Benarlah, Presiden kemudian menyerahkan penghargaan berupa trofi kepada empat budayawan. Pertama, adalah pasangan Ismiyono dan Hubertus Sadiran yang merupakan tim restorasi Candi Borobudur sejak awal restorasi itu dilakukan awal 1970-an. Kemudian sastrawan dan penggiat seni pertunjukan, Putu Wijaya, yang hadir berkursi roda, serta penyair dan budayawan, D Zawawi Imron.
Sebenarnya ada satu nama lagi yang tak disebut. Nama itu adalah almarhum R. Soekmono atau lengkapnya Prof. Dr. R. Soekmono, arkeolog pertama berkebangsaan Indonesia, yang menjadi orang penting dalam tim restorasi Candi Borobudur. Bahkan bagi kalangan penggiat cagar budaya, mengingat Candi Borobudur adalah mengingat nama Soekmono.
Nama Soekmono memang tidak disebutkan oleh pembawa acara, bisa jadi karena itu sesuai aturan bahwa yang tidak hadir memang tidak disebutkan namanya. Saat penyerahan penghargaan pada Minggu petang, 9 Desember 2018, memang tidak perwakilan keluarga almarhum Prof. Dr. R. Soekmono. Informasi dari pihak panitia menyebutkan bahwa pihak keluarga sudah diundang, namun tidak ada keluarga yang dapat mewakili, karena kesibukan masing-masing.
Sebenarnya kalau saja memungkinkan, akan lebih baik bila nama Soekmono tetap disebutkan. Mungkin bisa disebutkan penerima penghargaan Tim Restorasi Candi Borobudur yang terdiri dari R. Soekmono, Ismiyono, dan Hubertus Sadirin, dan penerimanya diwakilkan kepada Ismiyono dan Hubertus Sadirin. Ini akan membuat nama Soekmono dikenal dan diingat kembali jasanya memimpin restorasi Candi Borobudur, memimpin tim yang antara lain juga terdiri dari Ismiyono dan Hubertus Sadirin sebagai anggota tim.

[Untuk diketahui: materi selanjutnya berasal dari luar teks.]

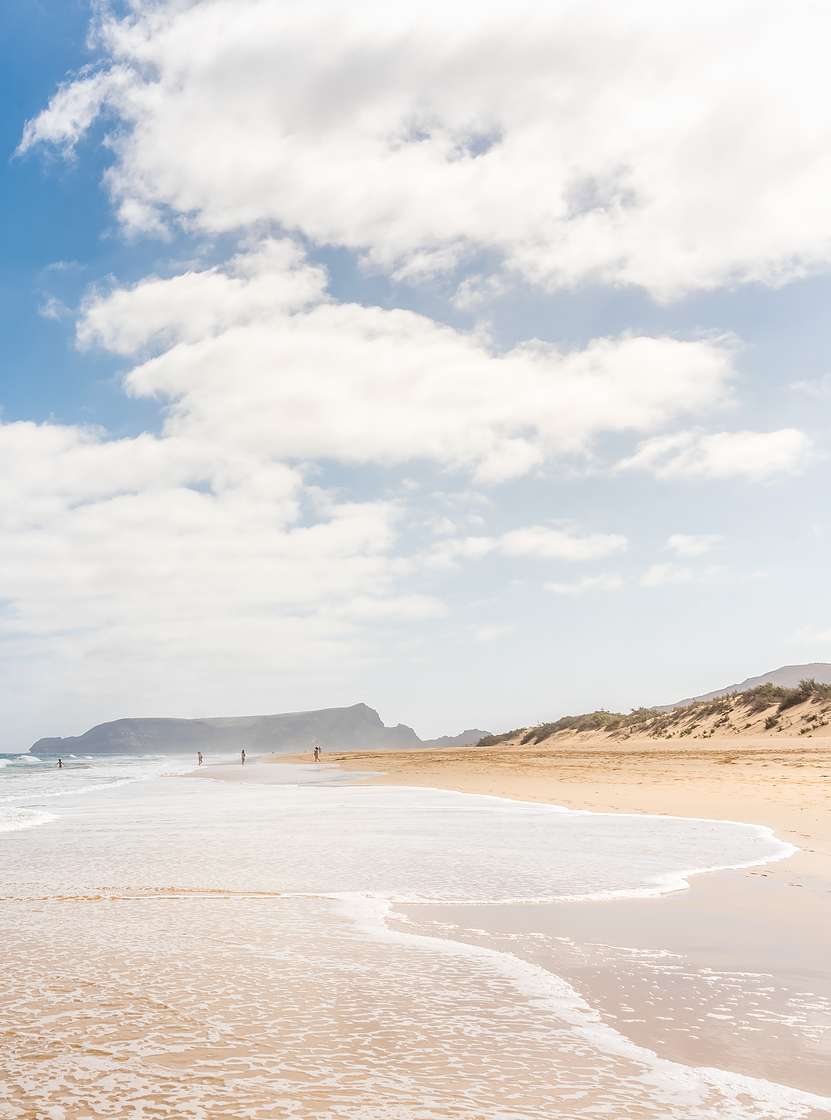 Long beach in Porto Santo with light sand, calm waves, and a blue sky with some clouds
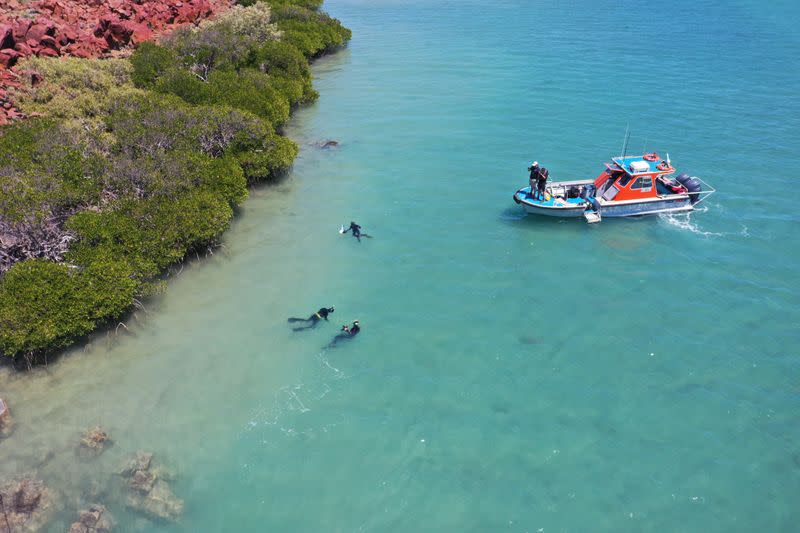Aerial photo shows divers from Deep History of Sea Country searching for artefacts off Dampier Archipelago in Western Australia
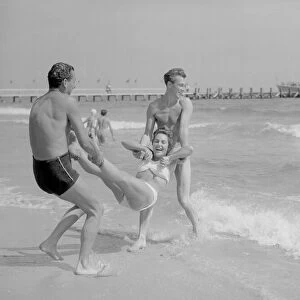 Two men throwing a young woman into the sea on Bournemouth beach. 10th Aust 1952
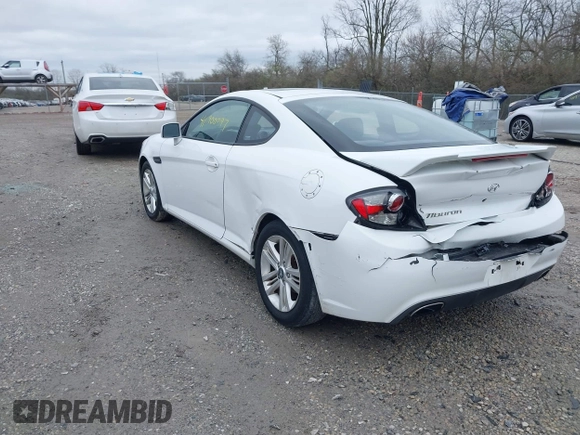 2008 Hyundai Tiburon GS z VIN KMHHM66D58U283273, wystawiony jako IAAI lot #41900097 z przebiegiem 154 013 mil mil oraz . Historia ofert i sprzedaży dostępna na DreamBid. Obrazek 3.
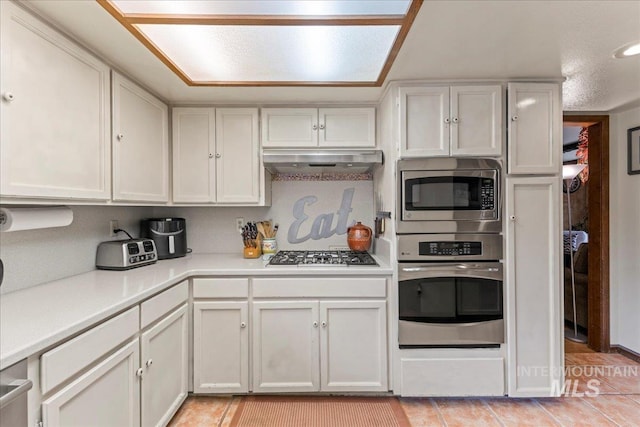 kitchen featuring light countertops, white cabinets, under cabinet range hood, stainless steel appliances, and light tile patterned flooring
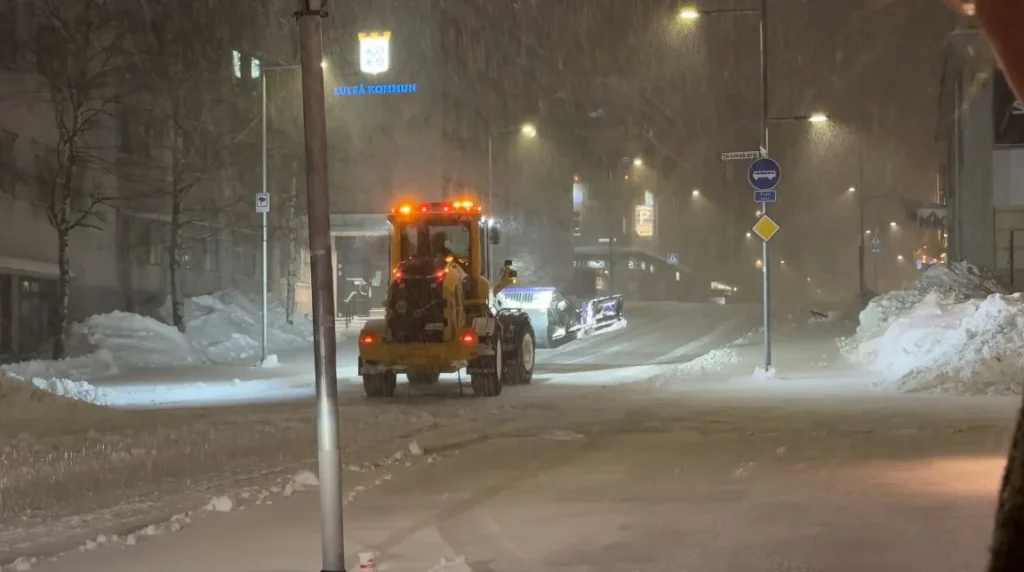 Luleå street at night with plow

Sosok Soekmono memang tak bisa lepas dari restorasi candi yang merupakan salah satu keajaiban dunia dan telah diakui sebagai warisan budaya dunia itu. Dilahirkan di Brebes, 14 Juli 1922 dan meninggal dunia di Jakarta, 9 Juli 1997, Soekmono yang menjadi pemimpin proyek restorasi Candi Borobudur dari 1973 sampai 1983, adalah arkeolog berkebangsaan Indonesia. Dia lulus dari Universitas Indonesia pada 1953.

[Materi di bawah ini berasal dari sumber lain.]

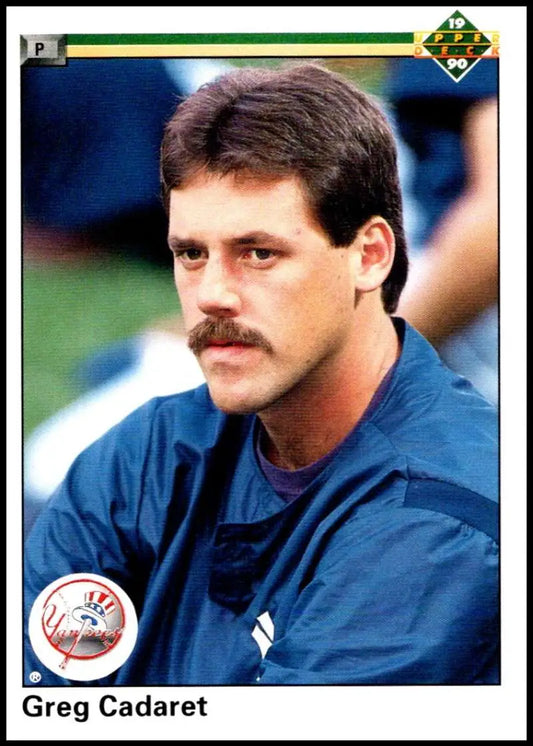 Greg Cadaret in a blue Yankees jacket with a dark mustache on a baseball card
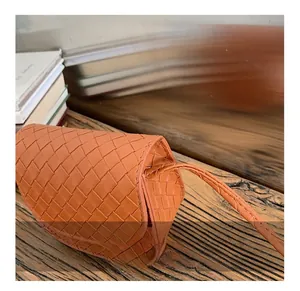 Detail view of orange quilted leather texture and strap attachment on kids crossbody bag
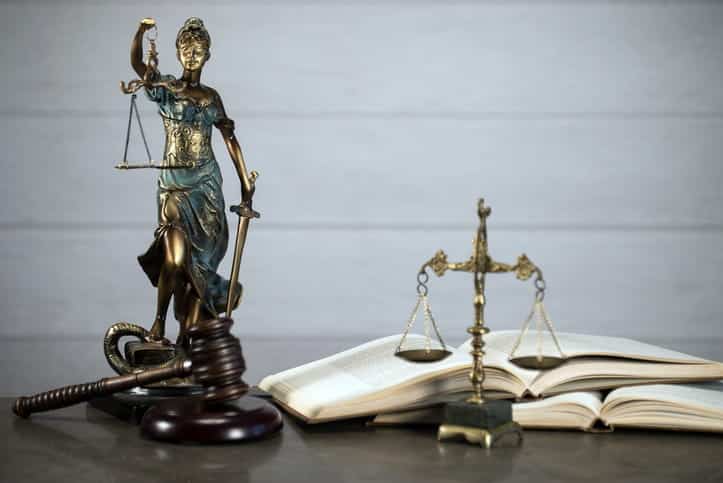 A lady justice statue, a gavel, and open book, and the scales of justice on a motorcycle accident injury attorney's desk.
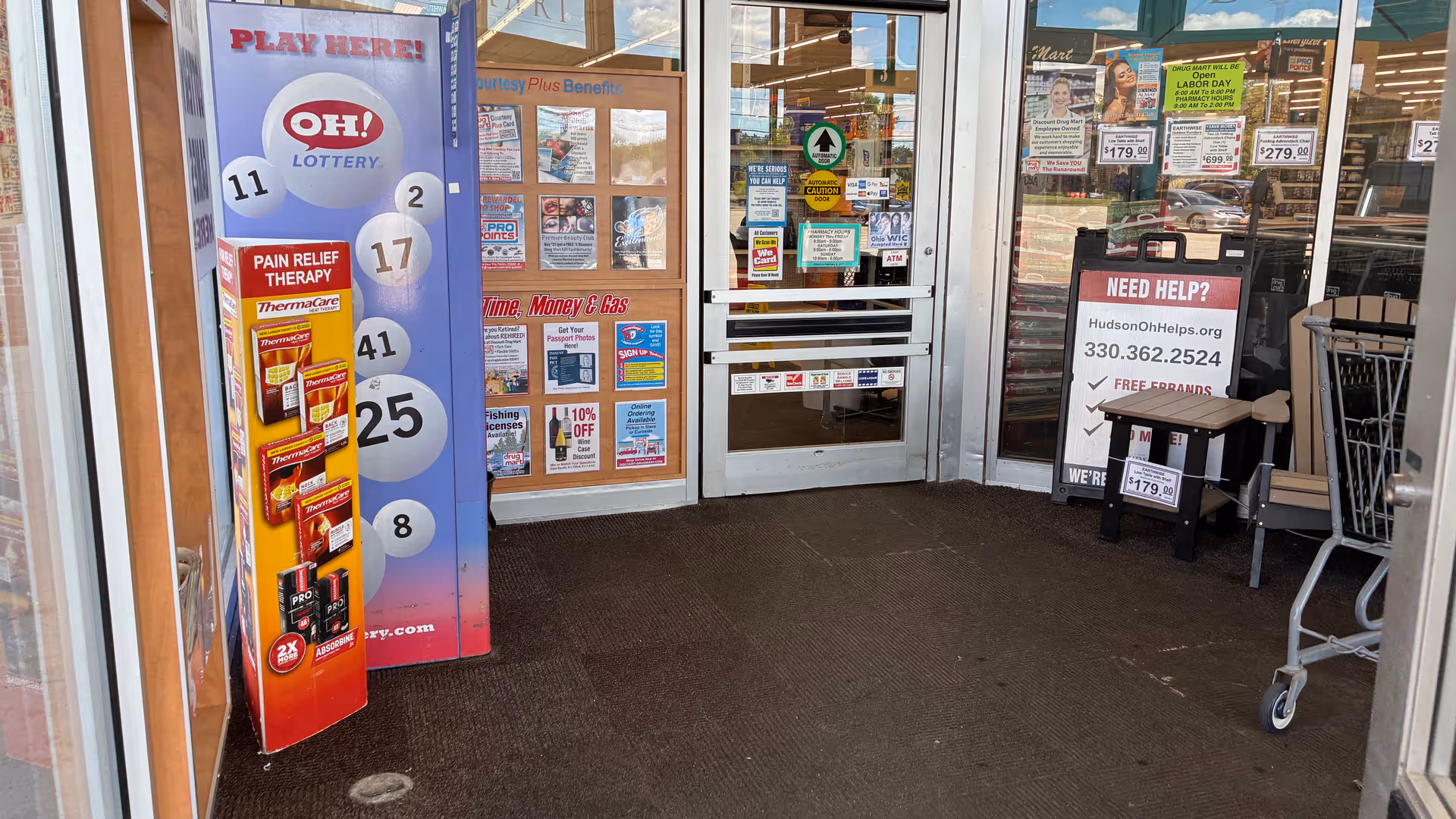 Discount Drug Mart storefront entrance with lottery vending machine and shopping carts outside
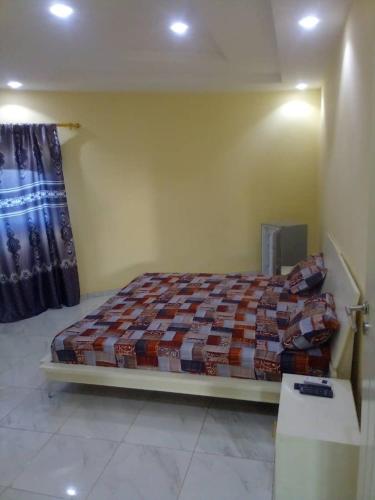 Llit o llits en una habitació de keur fatou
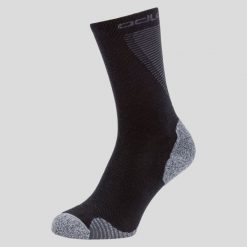 Skarpety Active Warm ODLO. Czarne skarpetki damskie ODLO, bez wzorów, z materiału. Za 99.65 zł.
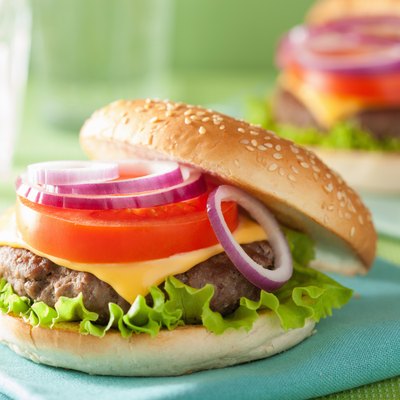 cheese burger with beef patty lettuce onion tomato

Setelah lulus, Soekmono langsung diangkat sebagai Kepala Dinas Purbakala Republik Indonesia. Bisa dibilang dialah orang Indonesia pertama yang menduduki jabatan tersebut, karena sebelumnya jabatan itu dipegang oleh orang-orang berkebangsaan Belanda. Soekmono terus menjabat sebagai Kepala Dinas Purbakala hingga 1973, ketika dia mulai memimpin proyek "raksasa" pemugaran Candi Borobudur yang didukung penuh pendanaannya oleh UNESCO.

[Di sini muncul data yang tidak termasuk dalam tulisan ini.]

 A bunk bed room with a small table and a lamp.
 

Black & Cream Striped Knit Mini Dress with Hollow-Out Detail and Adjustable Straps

Ada yang menyebut Soekmono sebagai ahli candi Indonesia, ada juga yang menamakannya sebagai Bapak Arkeologi Indonesia, namun yang jelas gelar apa pun itu, jasa-jasanya terhadap dunia cagar budaya Indonesia tak bisa dilupakan. Ingat Candi Borobudur, berarti ingat nama Soekmono. Sepantasnya juga ketika penghargaan untuk tim restorasi Candi Borobudur diserahkan, namanya tak dilupakan.